Content starts

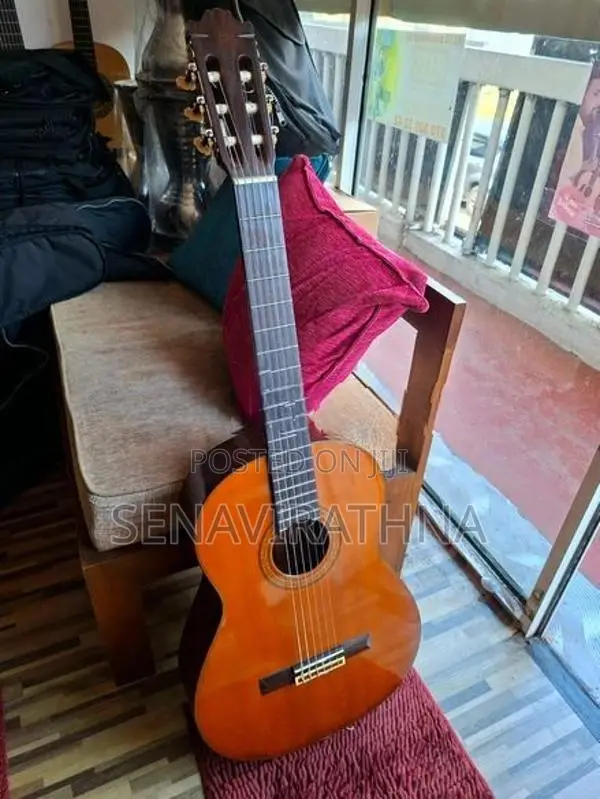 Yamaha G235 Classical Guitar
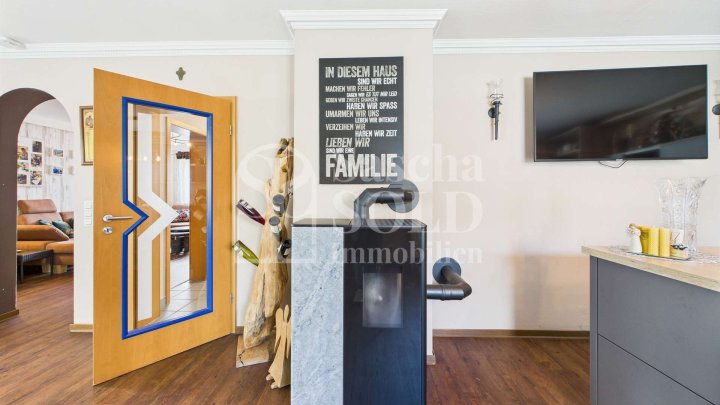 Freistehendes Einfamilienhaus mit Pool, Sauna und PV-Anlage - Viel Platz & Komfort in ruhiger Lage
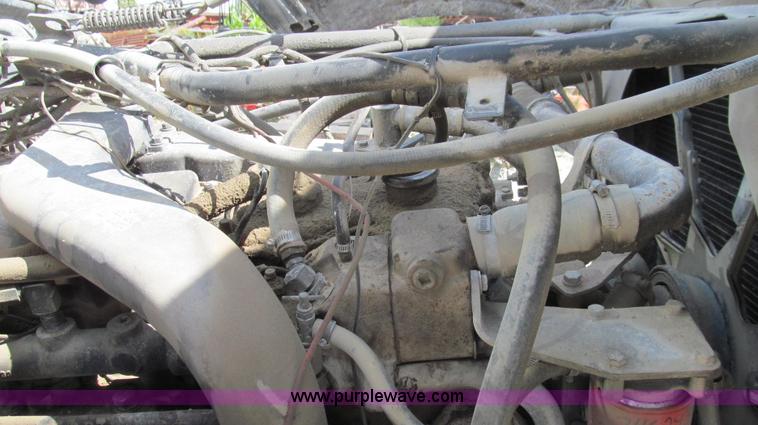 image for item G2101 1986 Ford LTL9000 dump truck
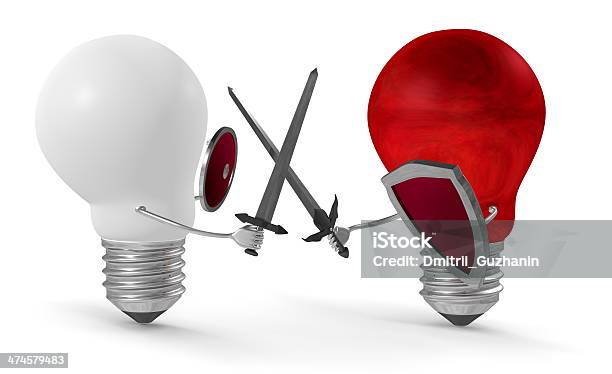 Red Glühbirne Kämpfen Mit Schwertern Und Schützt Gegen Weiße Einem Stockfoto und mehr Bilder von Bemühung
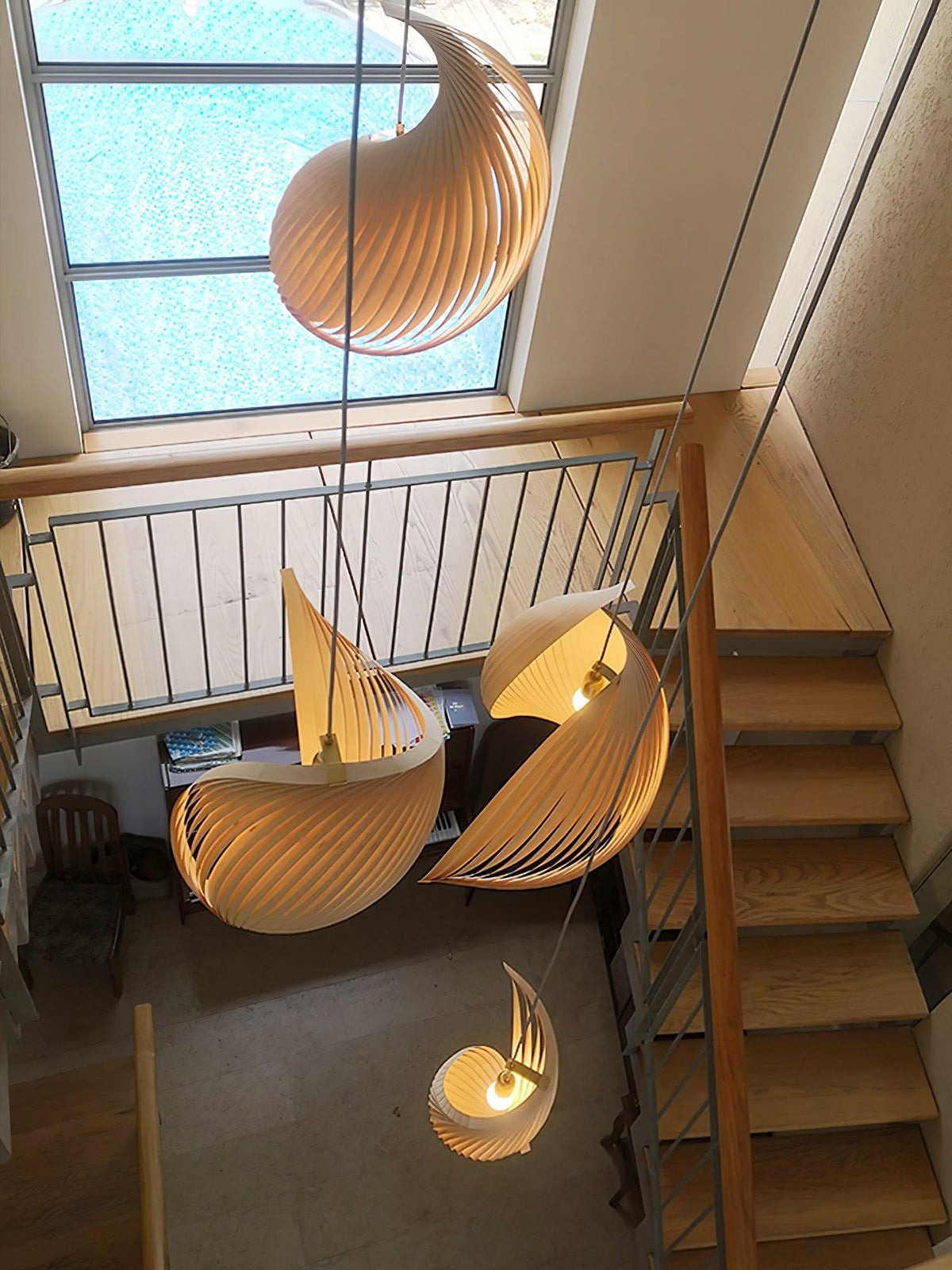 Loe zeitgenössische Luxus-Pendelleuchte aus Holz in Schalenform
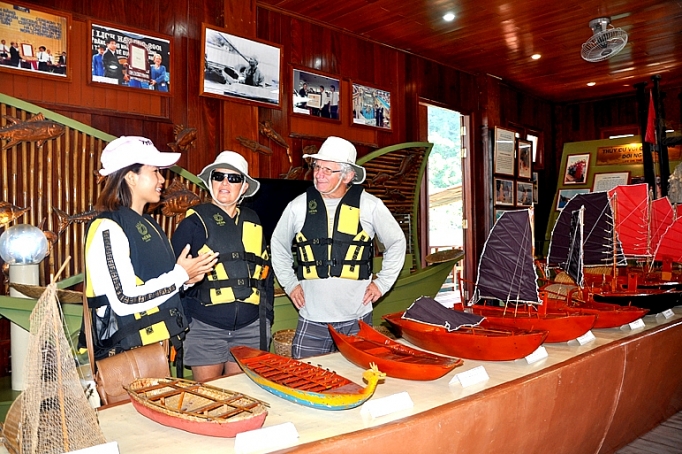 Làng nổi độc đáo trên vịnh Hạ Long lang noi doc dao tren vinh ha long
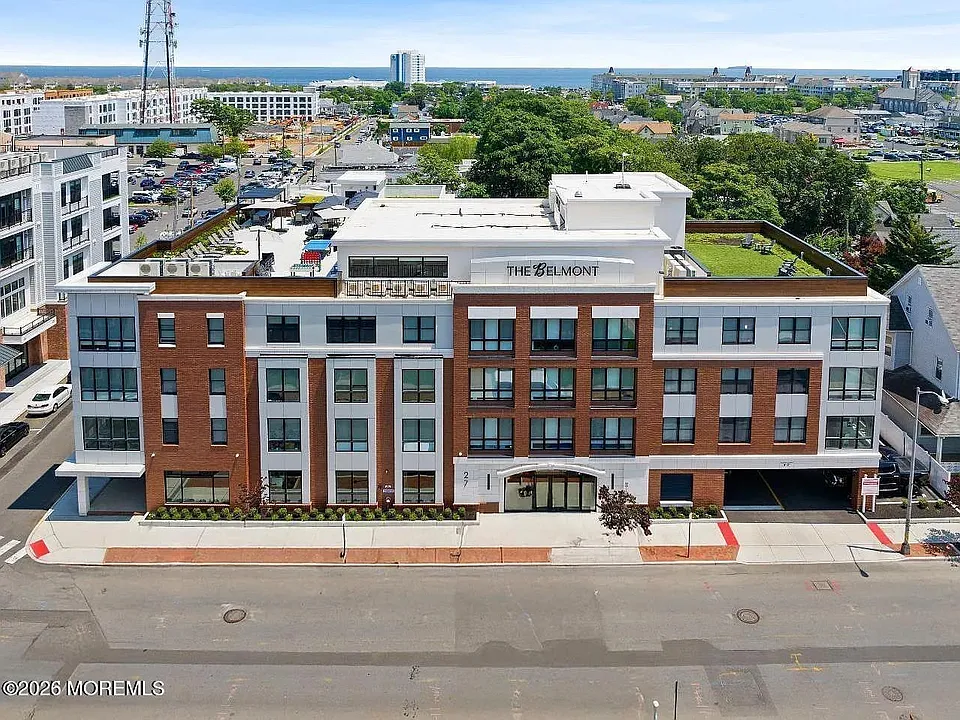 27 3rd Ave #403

Content ends

- _TASK DETAILS_:
Having removed the pictures, write out the records exactly as they stand.

- _RESULT_:
 Yamaha G235 Classical Guitar
 Freistehendes Einfamilienhaus mit Pool, Sauna und PV-Anlage - Viel Platz & Komfort in ruhiger Lage
 image for item G2101 1986 Ford LTL9000 dump truck
 Red Glühbirne Kämpfen Mit Schwertern Und Schützt Gegen Weiße Einem Stockfoto und mehr Bilder von Bemühung
 Loe zeitgenössische Luxus-Pendelleuchte aus Holz in Schalenform
 Làng nổi độc đáo trên vịnh Hạ Long lang noi doc dao tren vinh ha long
 27 3rd Ave #403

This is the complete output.